What the task requires: Retype the whole listing verbatim and keep the pictures out of it.

Recorded data:
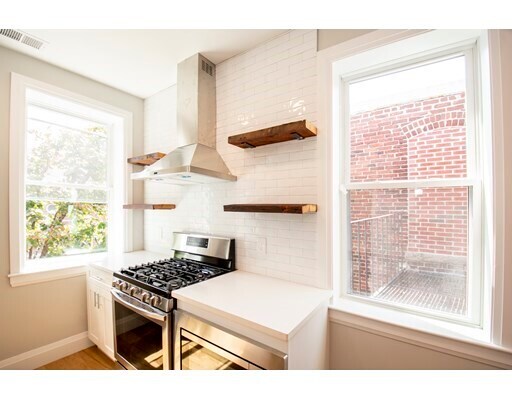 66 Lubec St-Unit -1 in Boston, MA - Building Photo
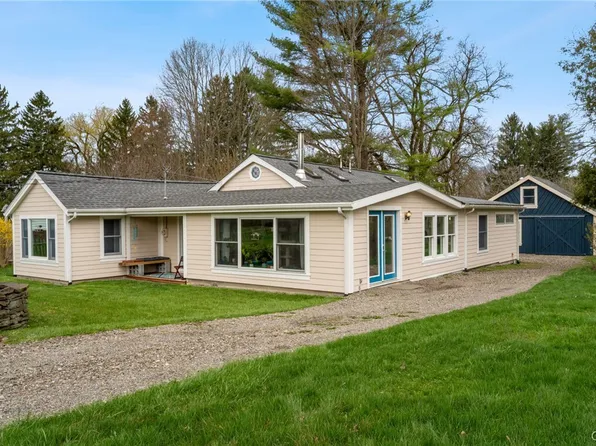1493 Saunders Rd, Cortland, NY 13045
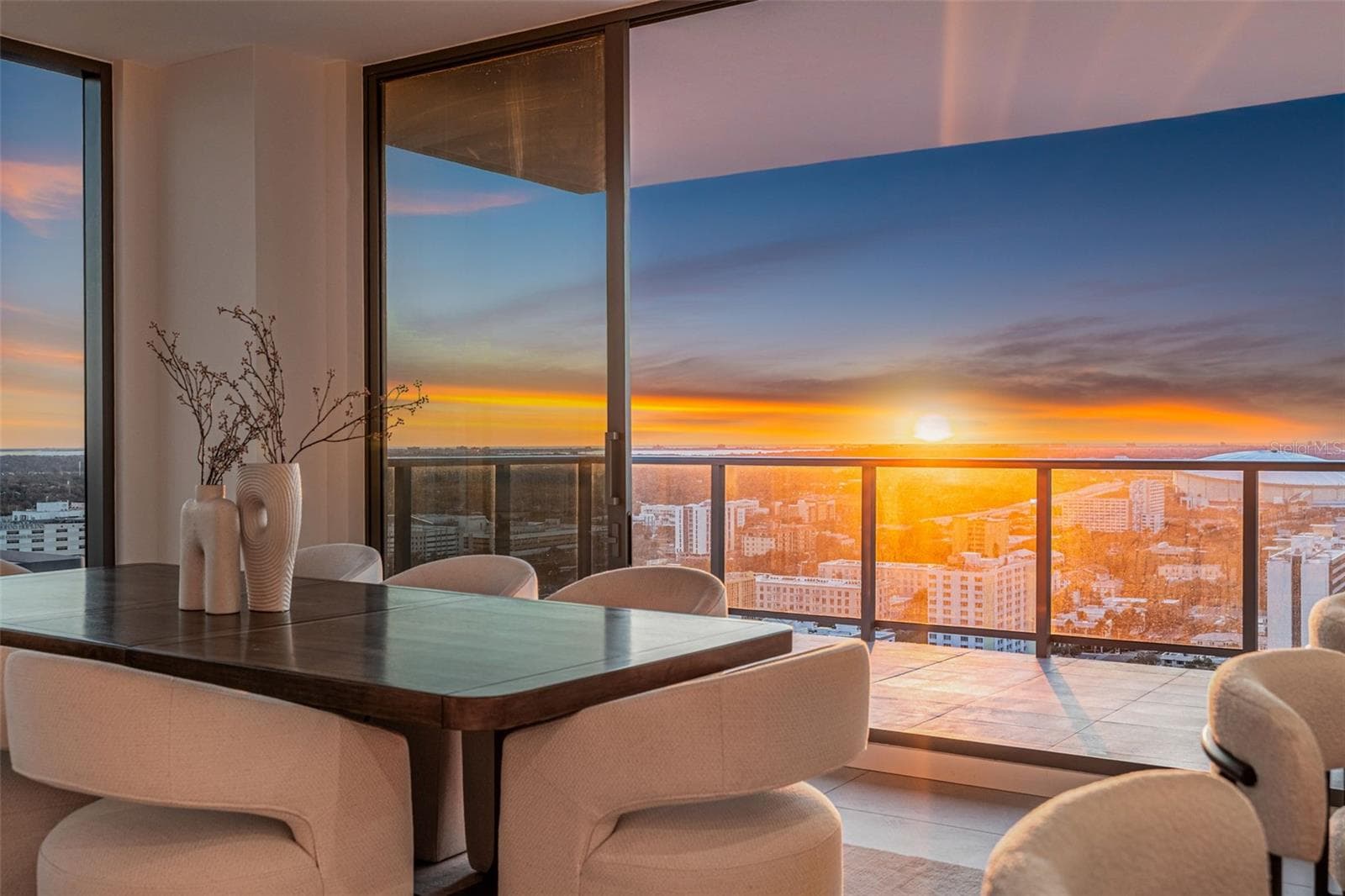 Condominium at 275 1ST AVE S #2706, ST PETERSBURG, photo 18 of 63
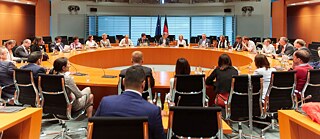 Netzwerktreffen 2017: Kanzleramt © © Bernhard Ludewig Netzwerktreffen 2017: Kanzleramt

Reply to the task:
 66 Lubec St-Unit -1 in Boston, MA - Building Photo
1493 Saunders Rd, Cortland, NY 13045
 Condominium at 275 1ST AVE S #2706, ST PETERSBURG, photo 18 of 63
 Netzwerktreffen 2017: Kanzleramt © © Bernhard Ludewig Netzwerktreffen 2017: Kanzleramt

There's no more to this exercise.